# To do
A word-for-word copy of the lines below, starting at the line with "SAMONPOW for Samsung" and ending at the last one, is what you should give. Omit every picture.

# Given data
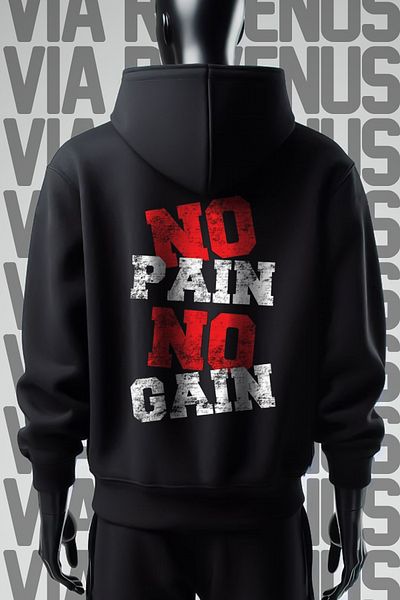 Vordevia Черен суитшърт с качулка и широк модел от 3 прежди No Pain No Gain - с щампа отпред и отзад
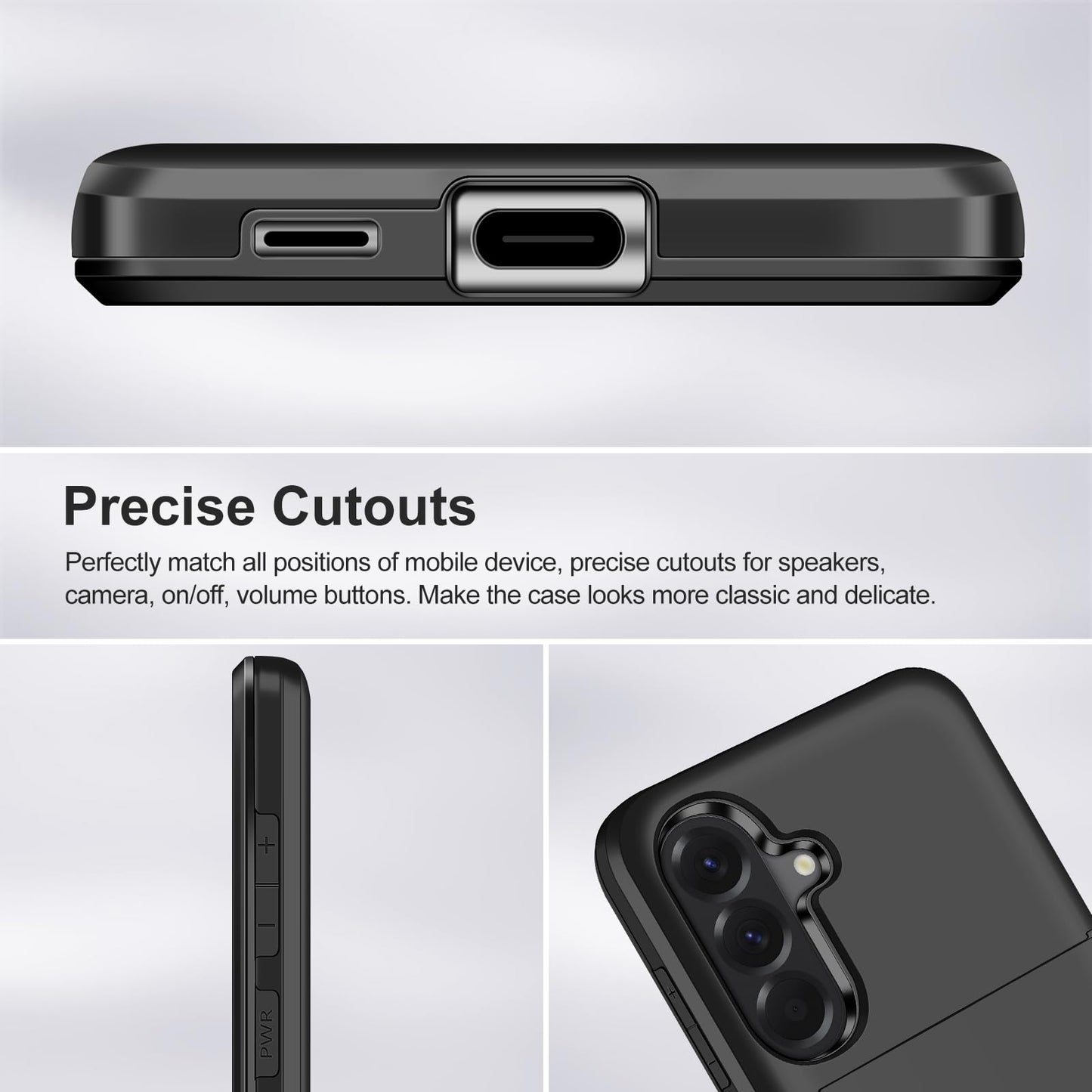 SAMONPOW for Samsung Galaxy A56 5G Case with Card Holder Wallet Case Heavy Duty Women Men Protective Dual Layer Shockproof Hidden Card Slot Slim Wallet Phone Cover for Samsung Galaxy A56 5G, Black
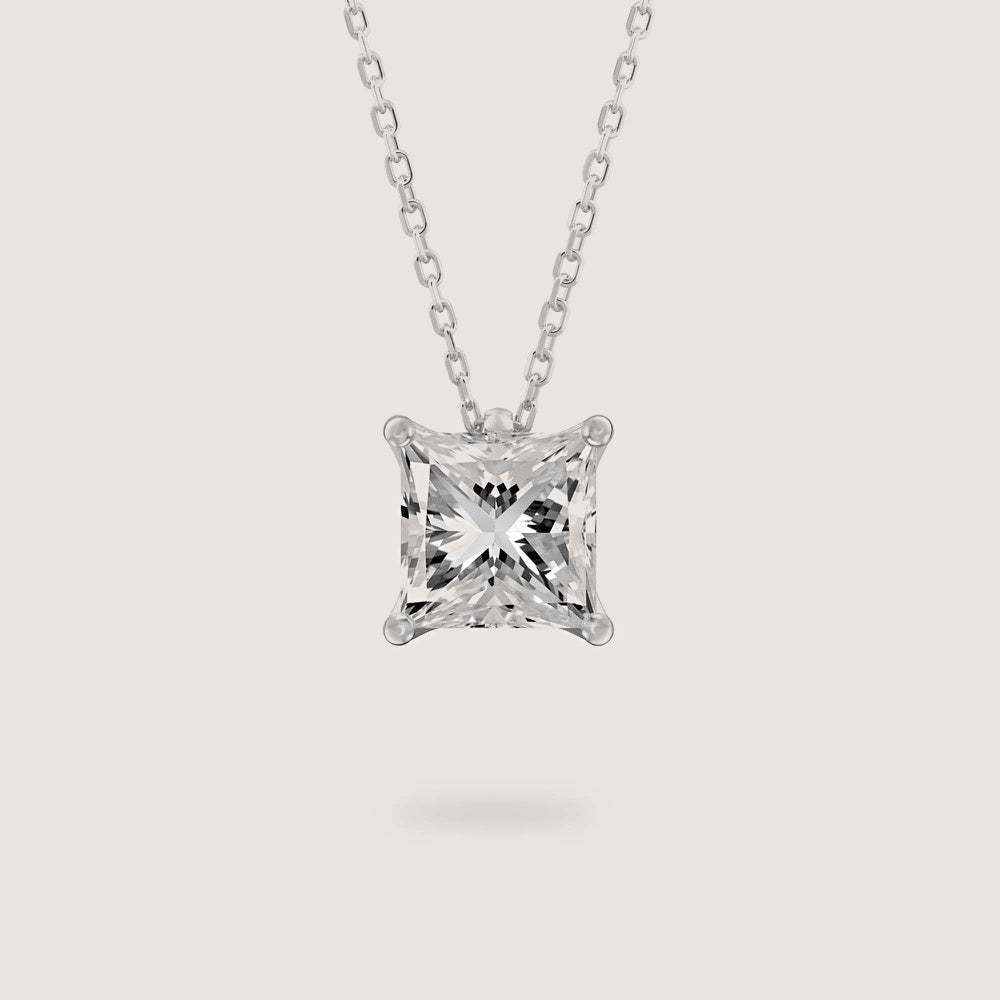 Diamond Pendant - Princess - White Gold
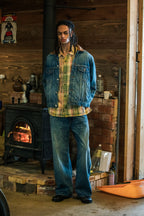VINTAGE WASH DENIM WIDE PANTS / BLUE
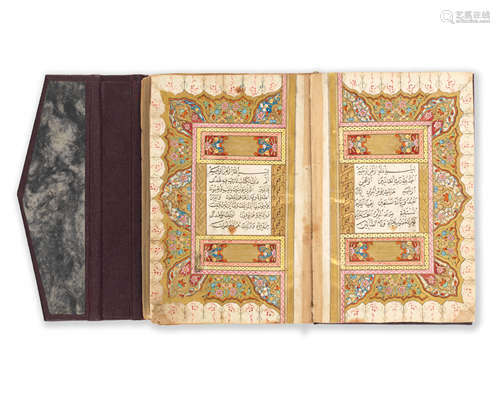 An illuminated Qur'an, copied by Ibrahim Saidawi[?], a pupil of 'Ali al-Wasfi al-Istanbuli Ottoman, provincial, dated AH 1254/AD 1838-39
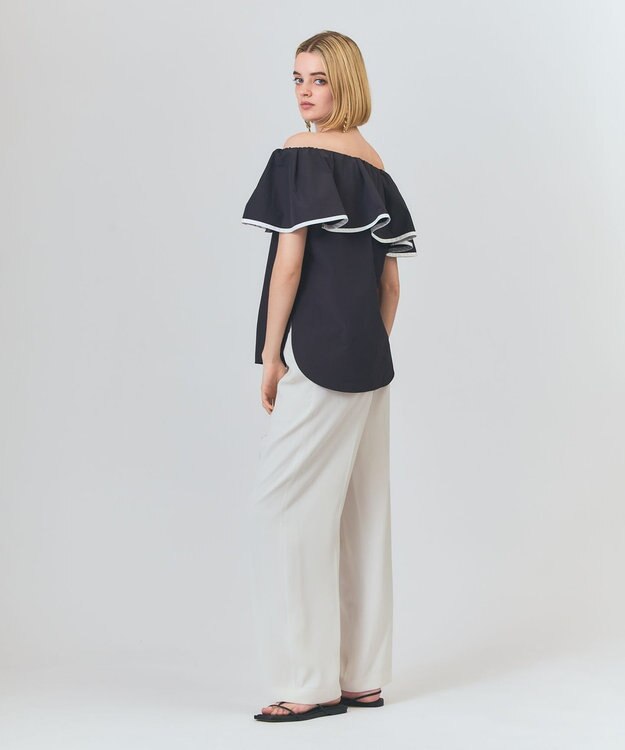 GRACE CONTINENTAL ラッフルトリミングブラウス ブラック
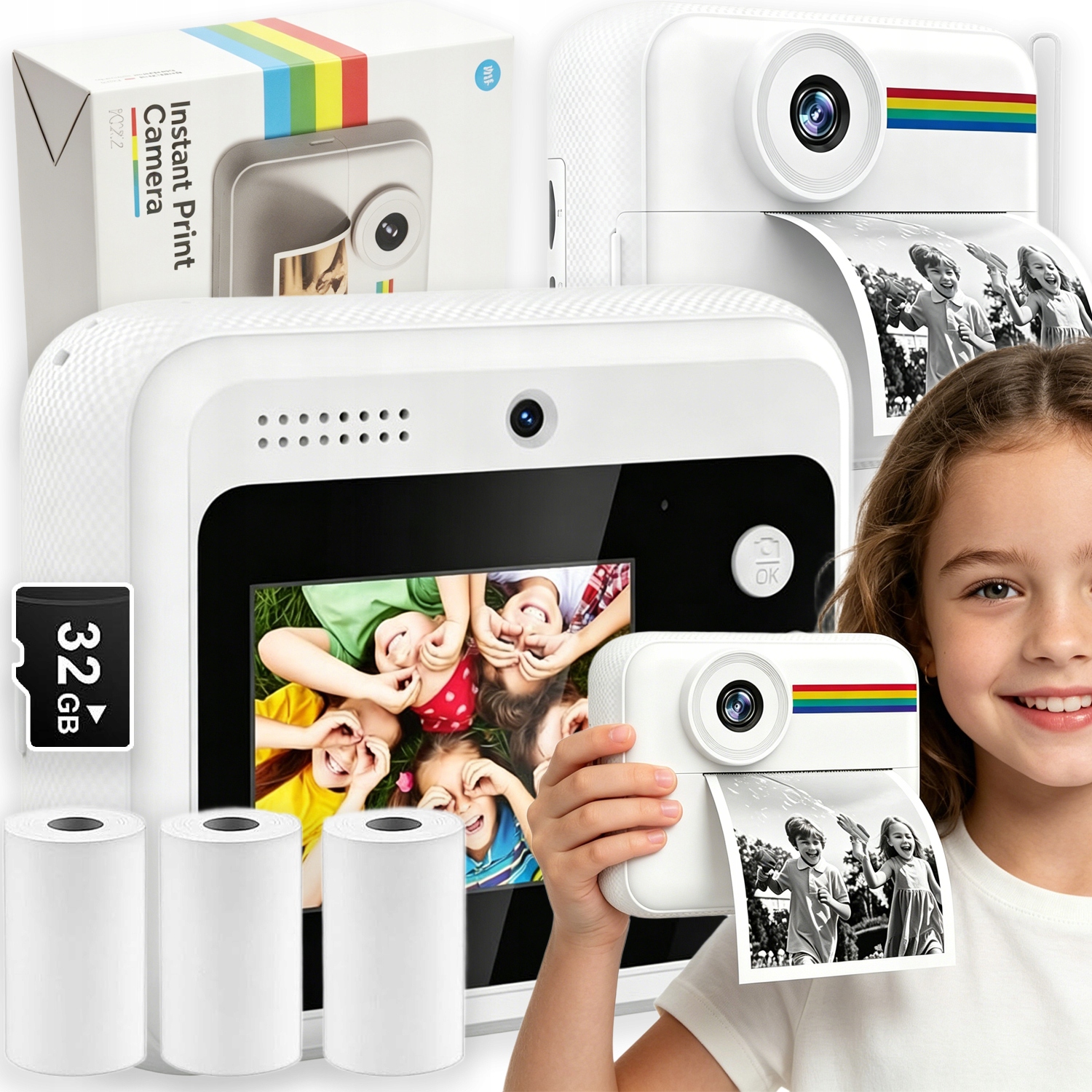Instantní Digitální Fotoaparát Pro Děti S Tiskárnou 32GB Karta 3 Role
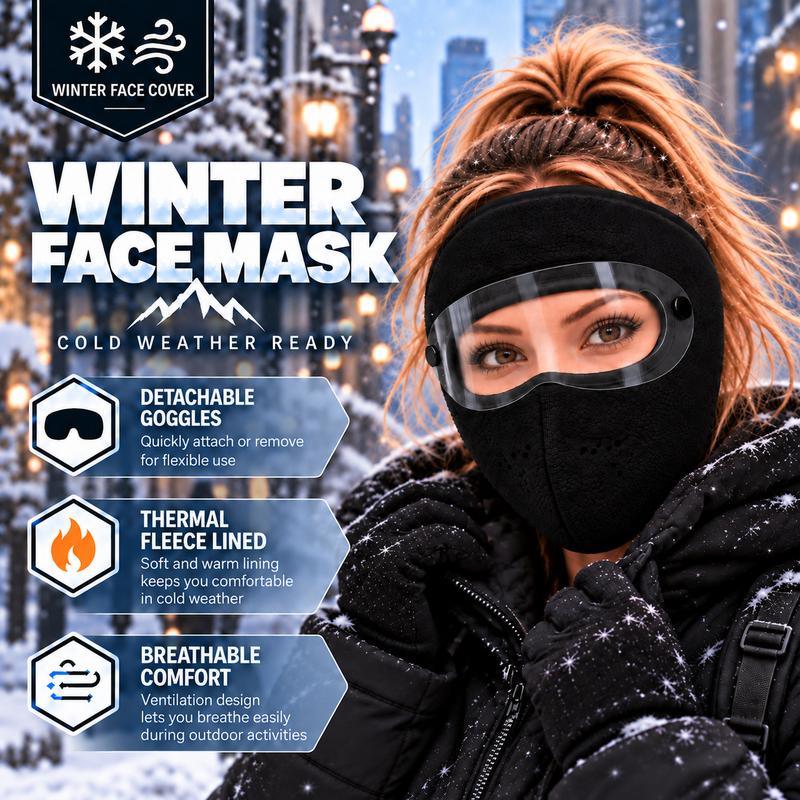 Winter Face Cover with Detachable Goggles – Windproof Thermal Fleece Mask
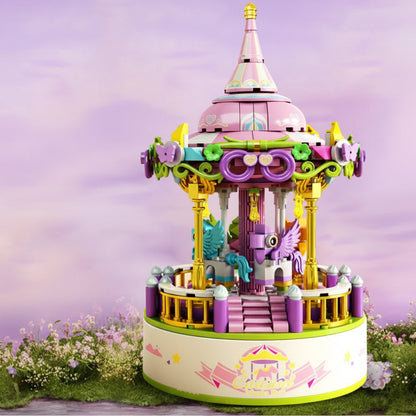 Carousel Music Box Building Blocks – Creative Amusement Park Construction Toy for Collectors, Home Display, Educational Play and Memorable Holiday Gifts
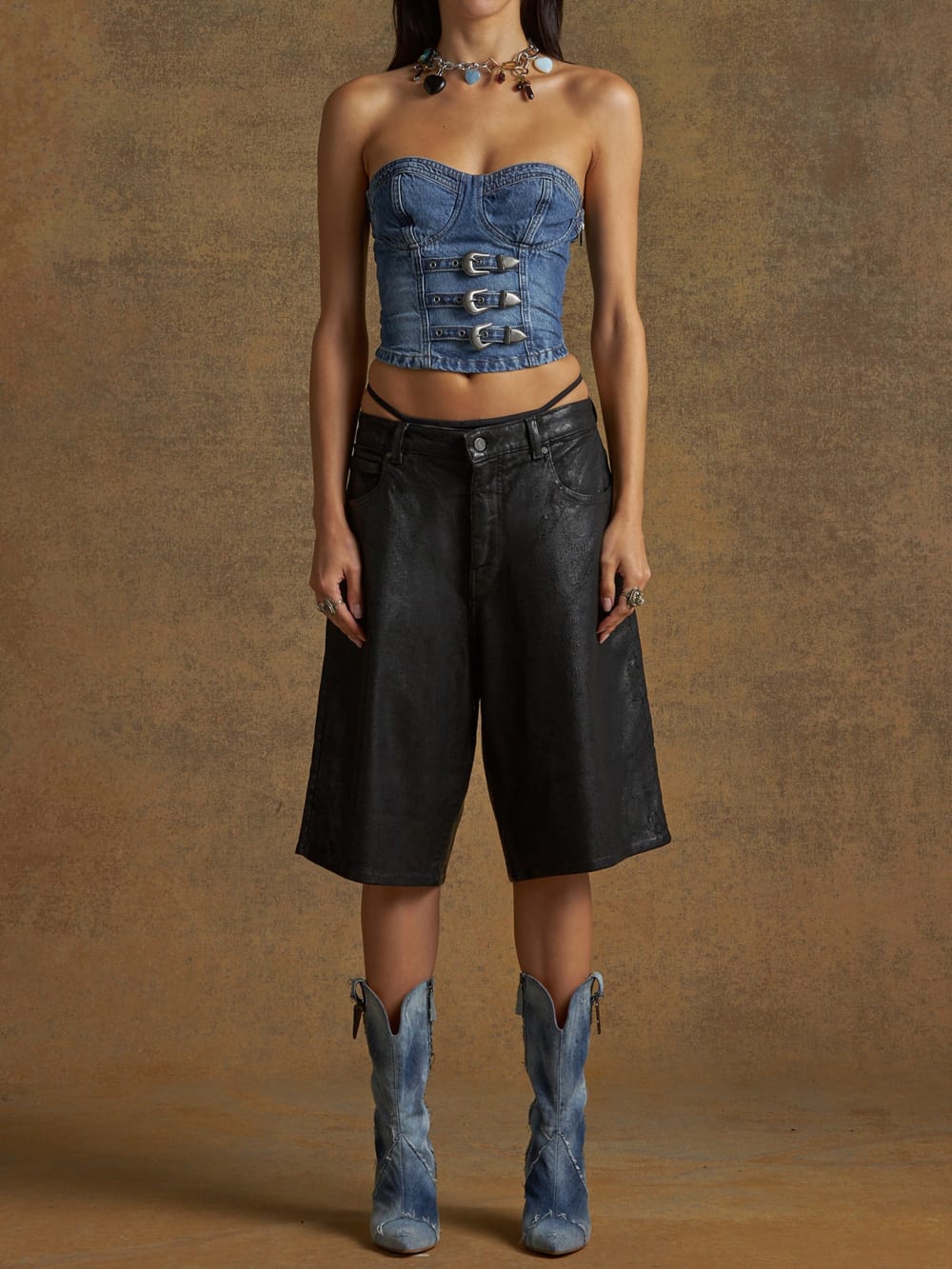denim buckle bustier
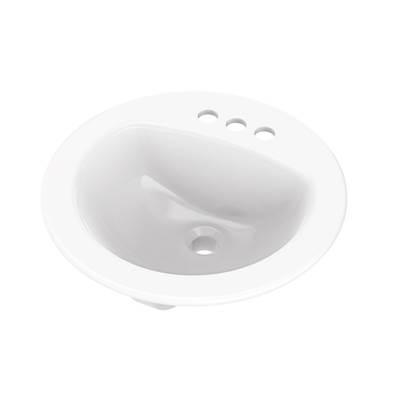 Gerber Plumbing Maxwell 19" Round S-Rim Bathroom Sink - 4" CC in White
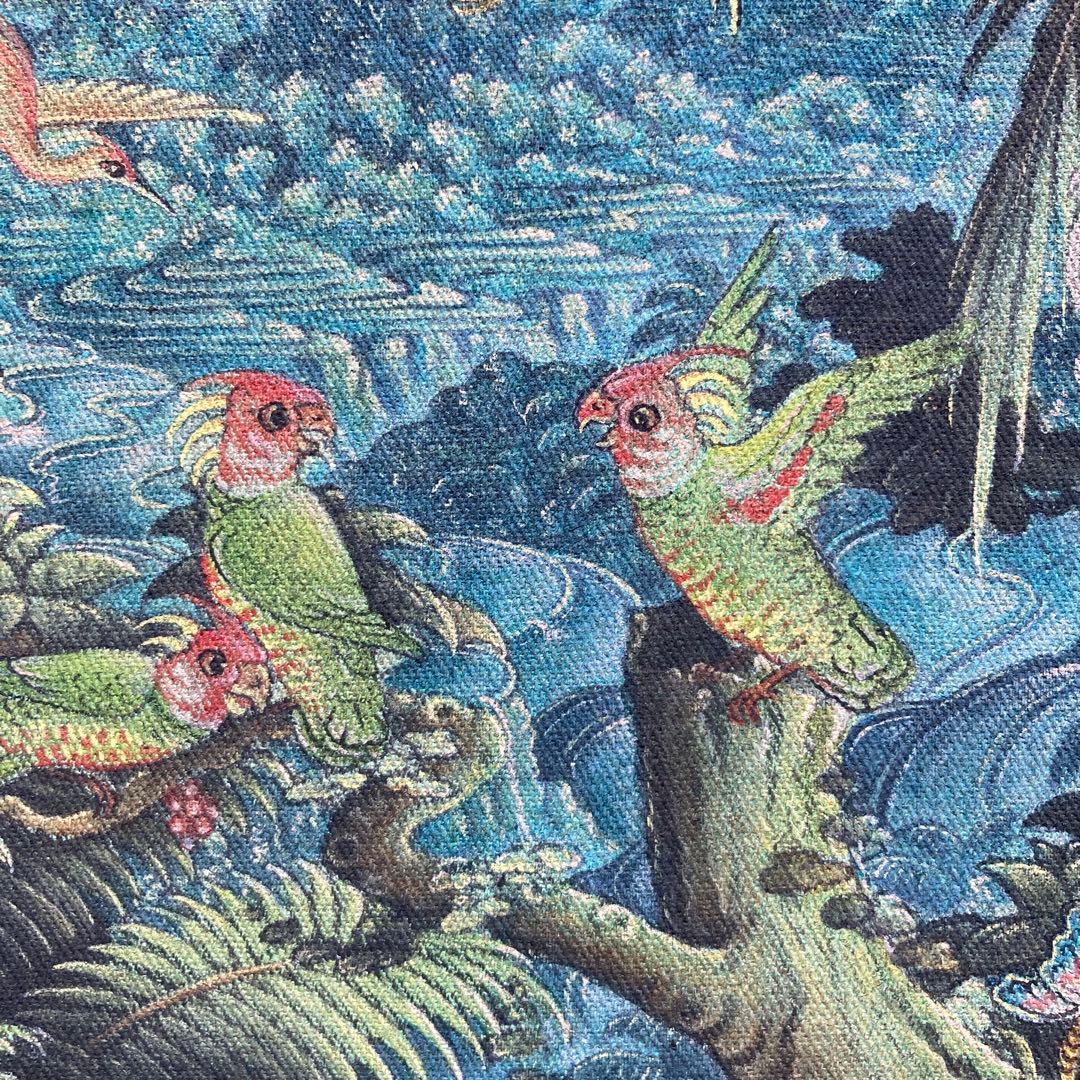 バリ絵　精緻な極細密画　超絶画法によって描かれたバリ島の民族画 約35×31cm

# Answer box
 SAMONPOW for Samsung Galaxy A56 5G Case with Card Holder Wallet Case Heavy Duty Women Men Protective Dual Layer Shockproof Hidden Card Slot Slim Wallet Phone Cover for Samsung Galaxy A56 5G, Black
 Diamond Pendant - Princess - White Gold
VINTAGE WASH DENIM WIDE PANTS / BLUE
 An illuminated Qur'an, copied by Ibrahim Saidawi[?], a pupil of 'Ali al-Wasfi al-Istanbuli Ottoman, provincial, dated AH 1254/AD 1838-39
 GRACE CONTINENTAL ラッフルトリミングブラウス ブラック
Instantní Digitální Fotoaparát Pro Děti S Tiskárnou 32GB Karta 3 Role
 Winter Face Cover with Detachable Goggles – Windproof Thermal Fleece Mask
 Carousel Music Box Building Blocks – Creative Amusement Park Construction Toy for Collectors, Home Display, Educational Play and Memorable Holiday Gifts
denim buckle bustier
 Gerber Plumbing Maxwell 19" Round S-Rim Bathroom Sink - 4" CC in White
 バリ絵　精緻な極細密画　超絶画法によって描かれたバリ島の民族画 約35×31cm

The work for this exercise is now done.